Just based on the quality of their photos, and their reputation, I gotta believe that this is one of the hardest periodicals to get published in. 

Jon


----------



## craig (Jun 3, 2009)

It is good that you are focusing your intentions. Certainly Snowboarding and National Geographic are some of the more presigious (not high paying) rags out there. Of course your work has to be fresh. If you think it is up to par send it. They say no; work harder and send it again. Nothing is out of your reach if you work hard enough.

Love & Bass


----------



## nrois02 (Jun 3, 2009)

thanks all for the comments! really good advice! but if there not the big money making for photography what is?


----------



## itznfb (Jun 3, 2009)

nrois02 said:


> thanks all for the comments! really good advice! but if there not the big money making for photography what is?


 
pro sports would be my guess.


----------



## nrois02 (Jun 3, 2009)

really? well i could kinda see that.


----------



## bhop (Jun 3, 2009)

Here you go:
"How can I be a photographer for National Geographic?"

http://www.nationalgeographic.com/faq/careers.html#photographer

I watched a documentary recently, "National Geographic, The Photographers".  (netflix dvd)  It pretty much showed it as _itznfb_ described.  Mud, insects, harsh conditions.. a difficult but rewarding job.


----------



## musicaleCA (Jun 3, 2009)

Why do I get the feeling that using the words "big money" and "photography" in the same sentence should be avoided?


----------



## nrois02 (Jun 3, 2009)

^hahaha true. and thanks bhop ill look into that!


----------



## craig (Jun 3, 2009)

nrois02 said:


> thanks all for the comments! really good advice! but if there not the big money making for photography what is?



Commercial clients.

Love & Bass


----------



## JIP (Jun 3, 2009)

itznfb said:


> i know someone who is a photographer for national geographic. he has said it's not glamorous as you would think. he has had to spend weeks/months at a time living in terrible conditions under tents, in the mud. however there are probably all sorts of photography jobs with national geographic that ARE glamorous. but i'd image you may have to work your way through the mud.


 
I don't know but those conditions would be EXACTLY the thing that would draw me to a job like that.  That being said I think the photograpers that do work for NG or any other mag are pretty famous in their own right before they might get assignments.  A job for NG would just be a part of a wider career as an established photographer in whatever area.

You say you want to work for a snowboarding mag just don't expect it to be a place that you send a resume to and work some kind of 9-5 job for.  If you want to shoot snowboarding SHOOT IT and they will come to you.  Establish yourself with people in the know spread your images around and get your face known, if you are at some kind of event where no mag is represented and you shot call them you might get an omage or so printed.

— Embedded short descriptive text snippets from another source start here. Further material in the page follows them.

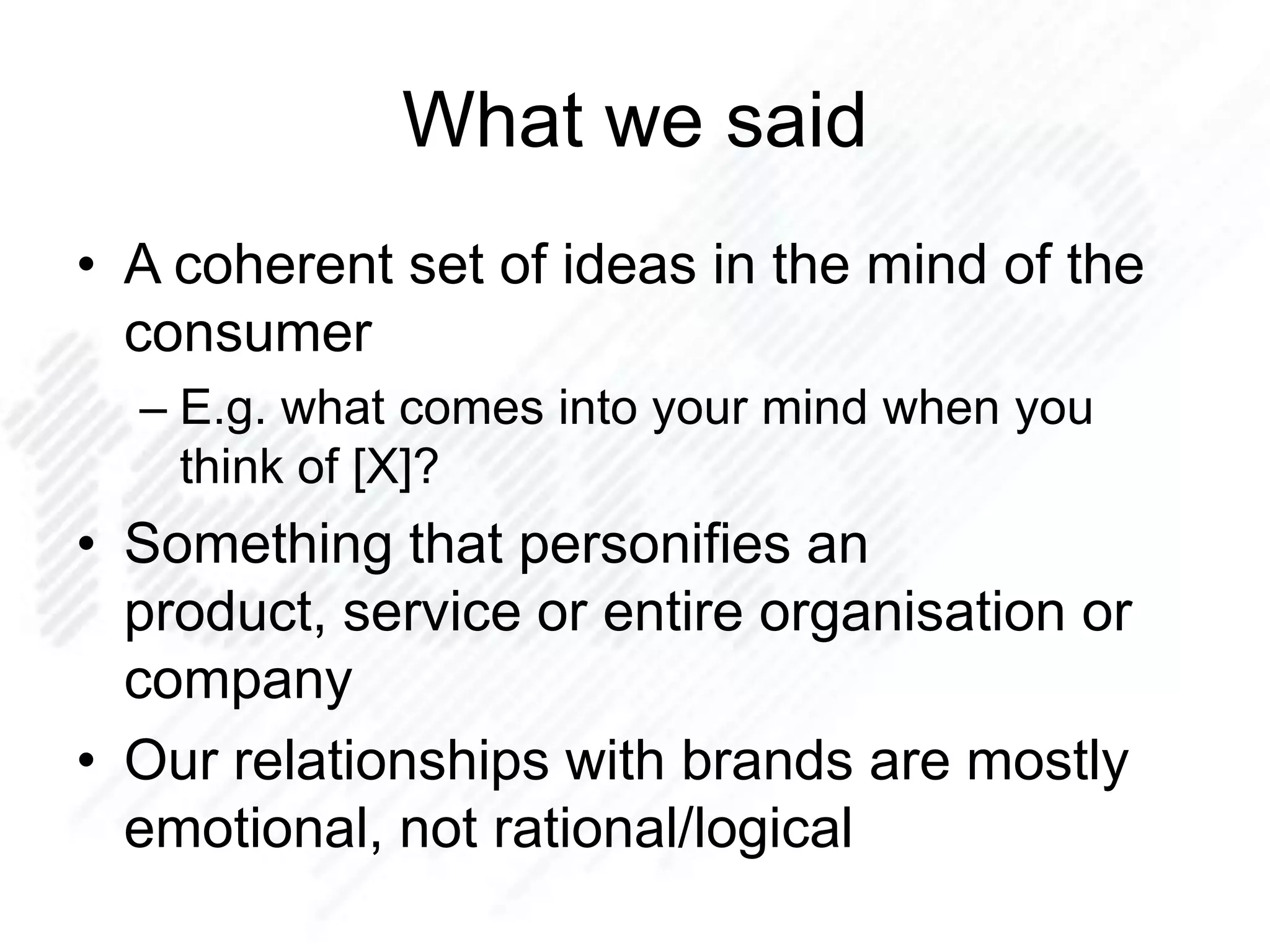 What we said
• A coherent set of ideas in the mind of the
consumer
– E.g. what comes into your mind when you
think of [X]?
• Something that personifies an
product, service or entire organisation or
company
• Our relationships with brands are mostly
emotional, not rational/logical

Realize that a career in photgraphy is exactly what you make of it.  You need to HUSTLE get your face out there NOONE IS GOING TO CALL YOU.  And with the competition for limited jobs out there there are alot of people that might want to undermine you.


----------



## nrois02 (Jun 4, 2009)

thanks jip that is what im going to try and do! and craig i think you might be right on that one! thanks for the input guys!


----------



## Nolan (Jun 5, 2009)

Good luck with your desire to shoot for NG. I will be very envious if you get the job. Its been my dream since I started reading NG since early high school.


----------



## nrois02 (Jun 7, 2009)

yeah i would like that but it wont be for a while. who knows though. i will do my best!


----------



## Nicholas James Photo (Jun 11, 2009)

Give yourself an assignment, shoot it and write copy, send it to all magazines in that subject arena and try and build yourself a rep


----------